Ben, bu birkaç günlük gezi esnasında Sayın Profesörün Gaziantep’imiz hakkındaki konuşmalarından mümkün mertebe not almaya çalıştım.

İlimiz, maalesef ne tarih ne de coğrafya bakımından lâyık olduğu derecede, incelenmiştir. Güney Doğu Anadolu’nun pek karakteristik bir bölümünü teşkil eden Gaziantep yaylası Toroslar önünde gerek tarih ve gerekse coğrafya itibariyle büyük önemi haiz bulunmaktadır.

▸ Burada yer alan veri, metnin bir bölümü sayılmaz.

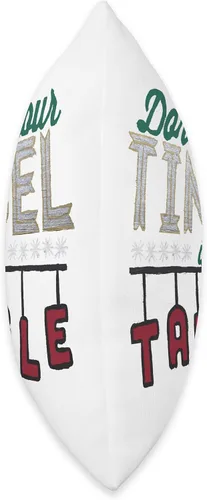 Miniatura 2 de Chicago Designs Don't Get Your Tinsel in A Tangle - Almohada de 16 x 16 pulgadas, multicolor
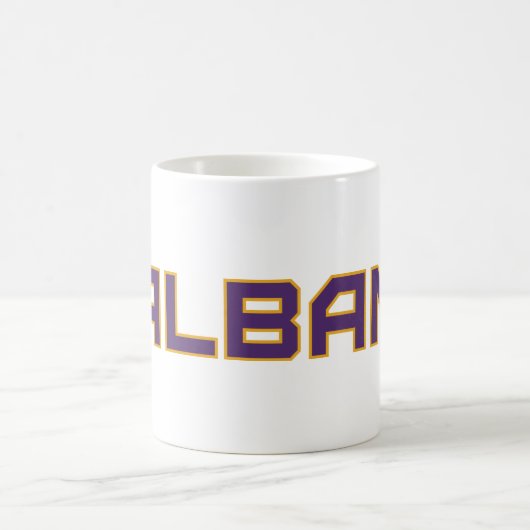 Universität Albany Wordmark Kaffeetasse (Mittel)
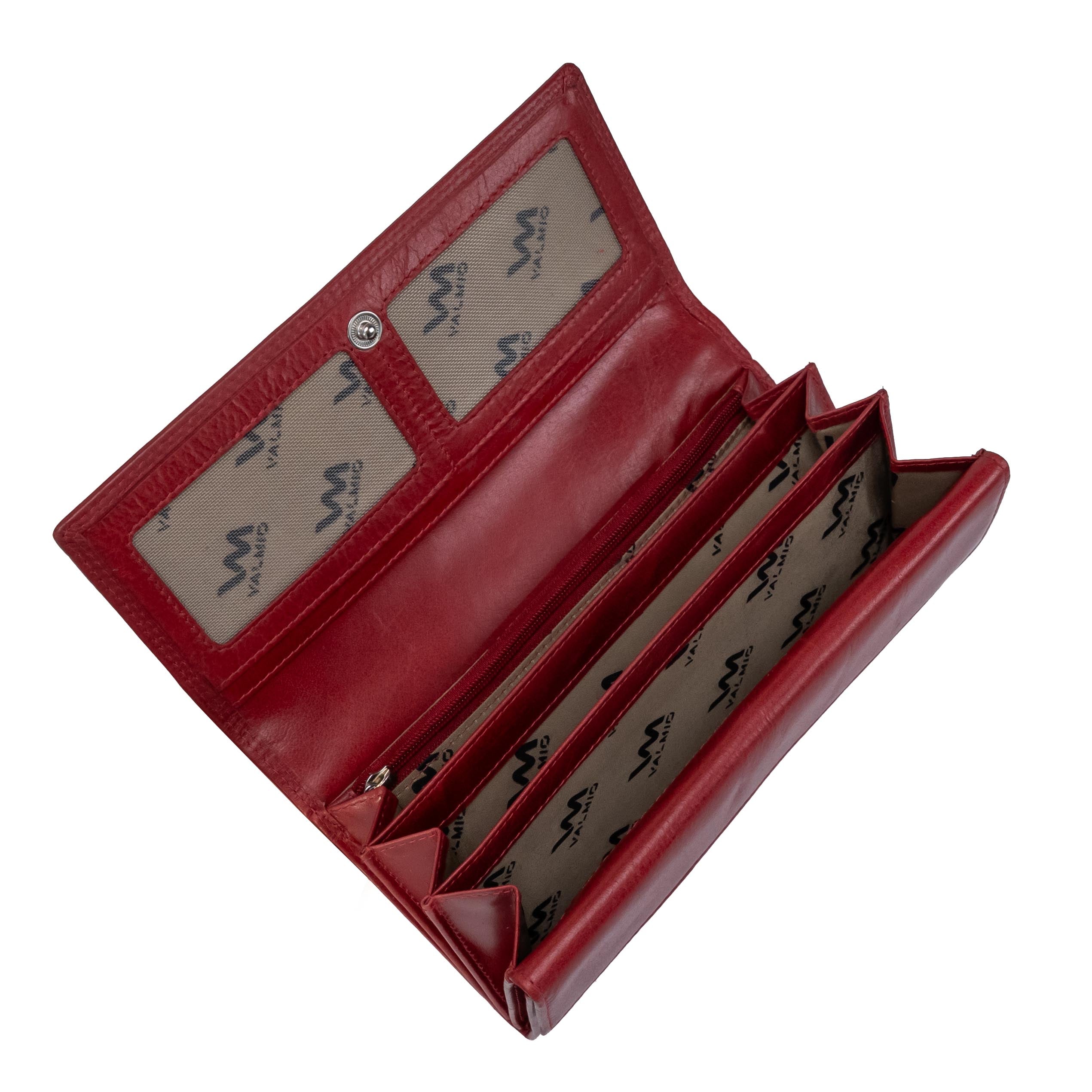Women's Leather Wallet Valmio Kelimutu 2437 Portwine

Ankara Dil ve Tarih - coğrafya Fakültesi Sümeroloji Ordinaryüs Profesörü B. Landsberger’in Başpınar’ın bu sayısındaki konferans yazılarıyla Gaziantep’in tarih bakımından taşıdığı hususi önemi en selâhiyettar bir ağızdan duymuş bulunuyoruz. Coğrafyasına gelince, bunu da Profesör Besim Darkot ve Profesör H. Luis’in notlarıyla hulâsaya çalışacağız.

Güney doğu Anadolu’nun batı kısmını teşkil eden Gaziantep platosu heyeti umumiyesile bir masaya benzemektedir. Doğuda Fırat vadisi ile Karadağ’dan, kuzeyde Aksu düzlüğüyle Ahır dağından, batıda Amık ovasının kuzeye doğru temadisinden ibaret bulunan Hatay hufresile de Amanuslar’dan ayrılan Gaziantep yaylası güneyde ise 500-600 metrelik bir yükseklik ile Arabistan kütlesine müntehi olur. Umumiyet itibariyle kuzeyden güneye doğru bir düzlük teşkil eden plato, haddizatında hafif dalgalıdır. Toroslardaki tektonik hadiseler buradaki tabakalara da tesir icra eylediğinden arazi kırışmıştır.

Bir Narlı—Antep yolculuğu bize yayla hakkında oldukça fikir verebilir.

Ovadan birdenbire dağlara çıkılıyor ve dağların ovaya bakan tepeleri düz görünüyor. Fakat ilk tepeyi aşınca bize ufki gibi görünen dağların, doğuya doğru meyilli olduğunu görüyoruz. Bu, Antep platosunun yüksek kenarıdır ve Karabıyıklı’da kendisini iyice gösteriyor. Bunlar kıvrımlı dağlar değildir. Yassılmış bir kütlenin yükselmiş kenarıdır. Aşağı yukarı bir horst ta telâkki edilebilir. Gördüğümüz dağ manzarası, vadilerin verdiği bir dağ manzarasıdır. Yukarıda da dediğimiz gibi bir yayla kenarıdır. dediğimiz gibi bir yayla kenarıdır.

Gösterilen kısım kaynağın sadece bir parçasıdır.